3. Solve the loss function with optimization
Inference/testing/prediction
Different names of data and target
1. Data $X$: Feature, covariates, predictions
2. Target $y$: Label, target, response
Uncertainty of model parameters or prediction: Captured by the distribution variance.
1. Uncertainty of the prediction: variance of the predictive distribution (softmax)
2. Uncertainty of the model parameters: variance of the parameter's distribution

Basic Theorems

Curse of dimensionality:
1. To cover the same fraction of the data space, the number of samples needed increases exponentially as the dimension increase.
2. To fit high-D data, other than using a large dataset, we can also make assumptions of the data and build models with inductive bias (e.g., hierarchical structure).
No free lunch theorem: No single model works well for all problem
1. We will need to build different models and conduct model selections.
2. Well-known trade-offs: Variance and bias, efficiency, model complexity, and generalization, accuracy and transparency
Ockham's Razor: Always try to choose the simplest model (add regularization).

Task, measure, experience

Tasks: Classification, regression, anomaly detection, clustering, factor analysis $p(x|z,\theta) = \mathcal{N}(x|wx+\mu, \sigma)$, classification/regression with missing value (learn joint distributions and marginal out), synthesis and sampling, imputation of missing values, density estimation
Measurement: accuracy, precision, recall, calibration error, ROC.
Experience: supervised or unsupervised learning.
1. Unsupervised to supervised: $ p(y|x) = \frac{p(x, y)}{\sum p(x, y')}$.
2. Supervised to unsupervised: $ p(x) = \prod p(x_i|x_1, ..., x_{i-1}) $.
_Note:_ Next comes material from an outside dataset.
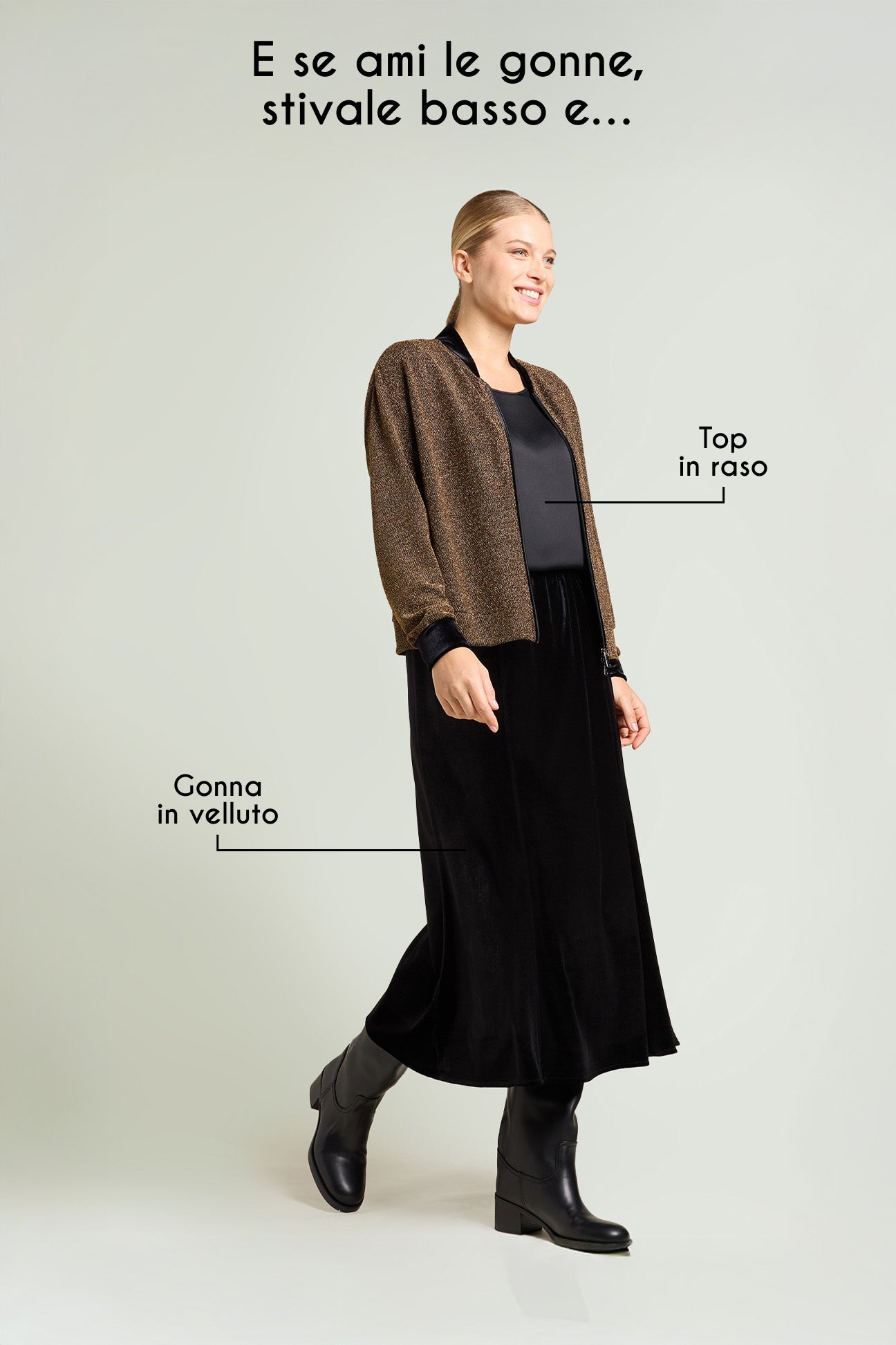 BOMBER IN JERSEY LUREX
Risk, Capacity, Overfitting/underfitting

Risks:
1. Empirical risk: $ \frac{1}{n} \sum_i L(f(x_i)) $.
2. Population risk: $ \mathbb{E}_{x\sim p} [L(f(x_i))] $.
3. Structure risk: empirical risk plus regularization.
Capacity: model's ability to fit a wide range of functions (commonly also referred to as complexity). Select different hypothesis spaces to control model capacity.
Errors
1. Model error: error introduced during model selection, the ability to represent data.
2. Data error: error introduced during data sampling.
3. Optimization error: error introduced during learning, the presentation power of the weight.

Description of the image — Bias and variance trade-off. Overfitting means the model has a high training accuracy but performs poorly on the testing set. Underfitting means the model has a low training accuracy (undertrained).

The k-NN model is a good example of understanding the tradeoff figure. When K=1, the model reaches the highest capacity, and the training error is zero; however, the testing error is high given a testing sample may be far from any training data. When K=N, the model has the lowest capacity, and the training error and testing error are all high. Also, consider bias and variance, K=N has the lowest variance and K=1 has the highest variance but the lowest bias.

Double descent: As the model becomes more complex, the testing error may reduce again for a double concave shape. This is typically observed in deep learning models. The reason for such a phenomenon could be when the model reaches zero bias, the model may overfit the noise, shortcuts, and spurious correlations in the training data. As the model becomes more complex, it will learn causal relationships and become generalizable. This indicates we can apply over-parameterization when training deep learning models.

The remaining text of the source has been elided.